### Working data
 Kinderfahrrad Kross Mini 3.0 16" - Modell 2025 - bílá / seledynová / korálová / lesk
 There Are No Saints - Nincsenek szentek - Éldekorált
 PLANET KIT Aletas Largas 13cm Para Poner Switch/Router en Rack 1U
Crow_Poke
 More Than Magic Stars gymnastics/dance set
...
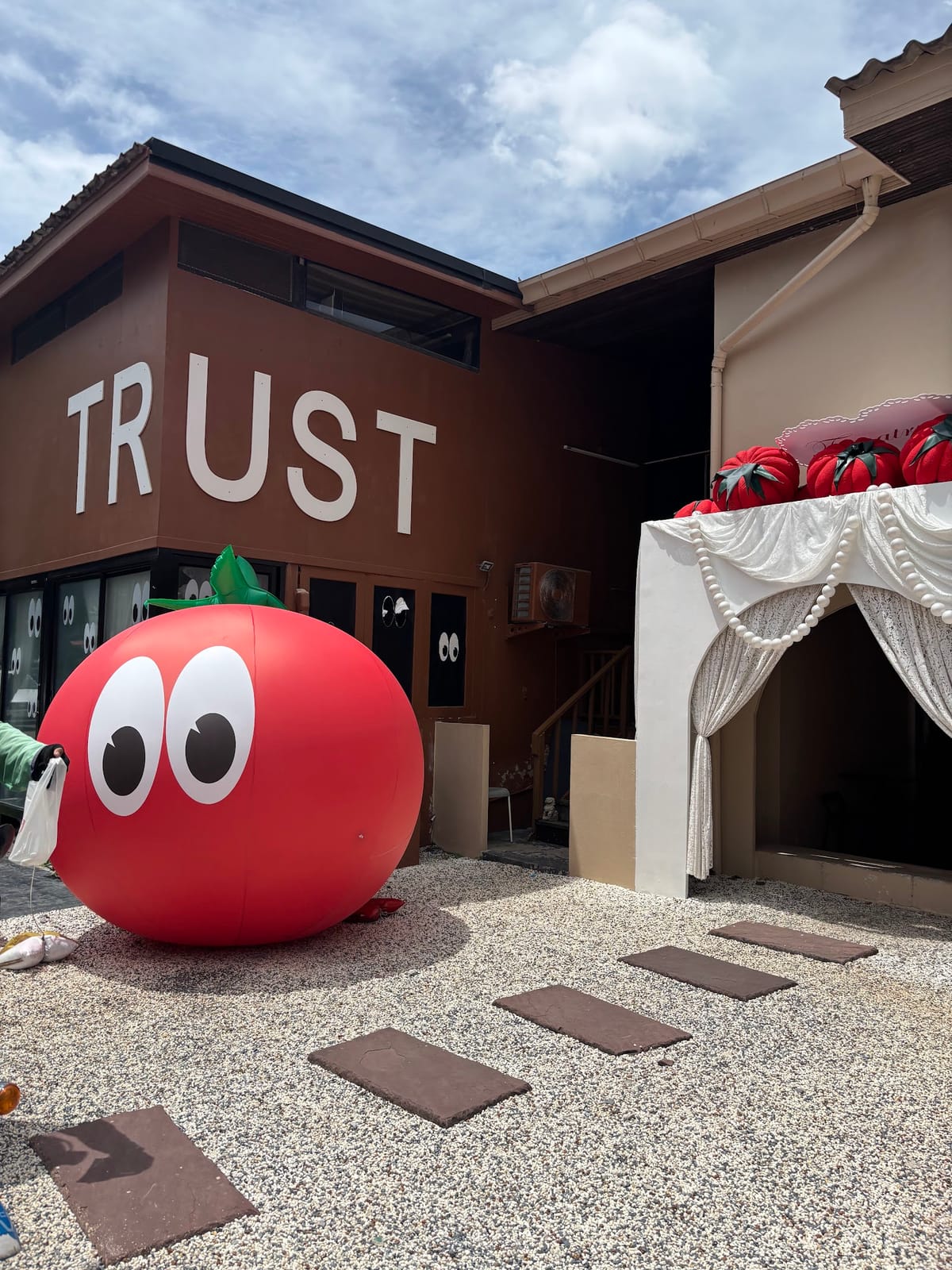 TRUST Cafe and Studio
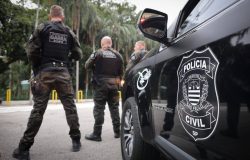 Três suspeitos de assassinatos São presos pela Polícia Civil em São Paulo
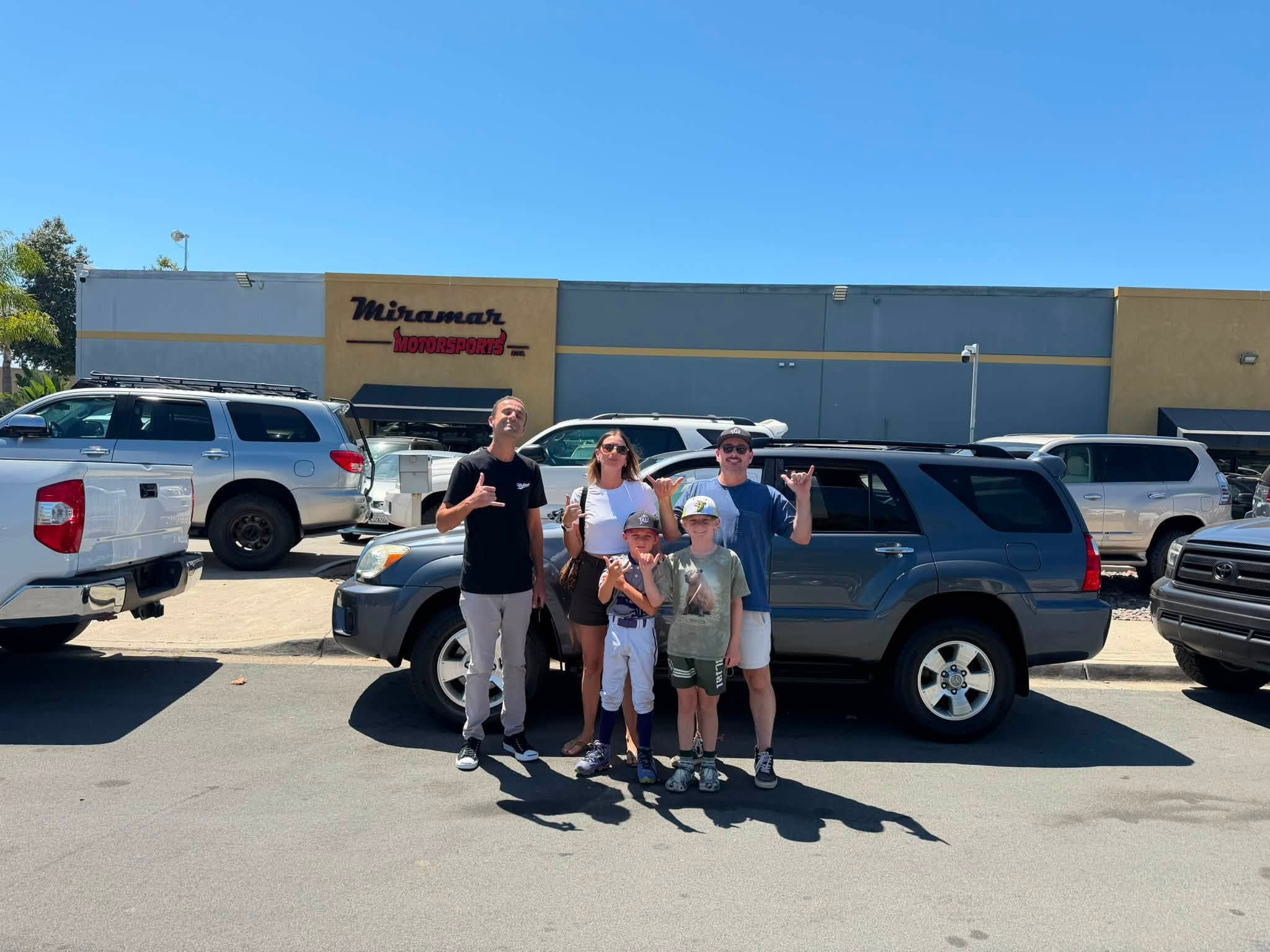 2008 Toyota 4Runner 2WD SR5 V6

### Task requirements
Extract from the records above the lines from the one containing "Kinderfahrrad Kross Mini" to the one containing "More Than Magic Stars gymnastics/dance set", both lines included, exactly as they appear and with nothing else.

### Task answer
 Kinderfahrrad Kross Mini 3.0 16" - Modell 2025 - bílá / seledynová / korálová / lesk
 There Are No Saints - Nincsenek szentek - Éldekorált
 PLANET KIT Aletas Largas 13cm Para Poner Switch/Router en Rack 1U
Crow_Poke
 More Than Magic Stars gymnastics/dance set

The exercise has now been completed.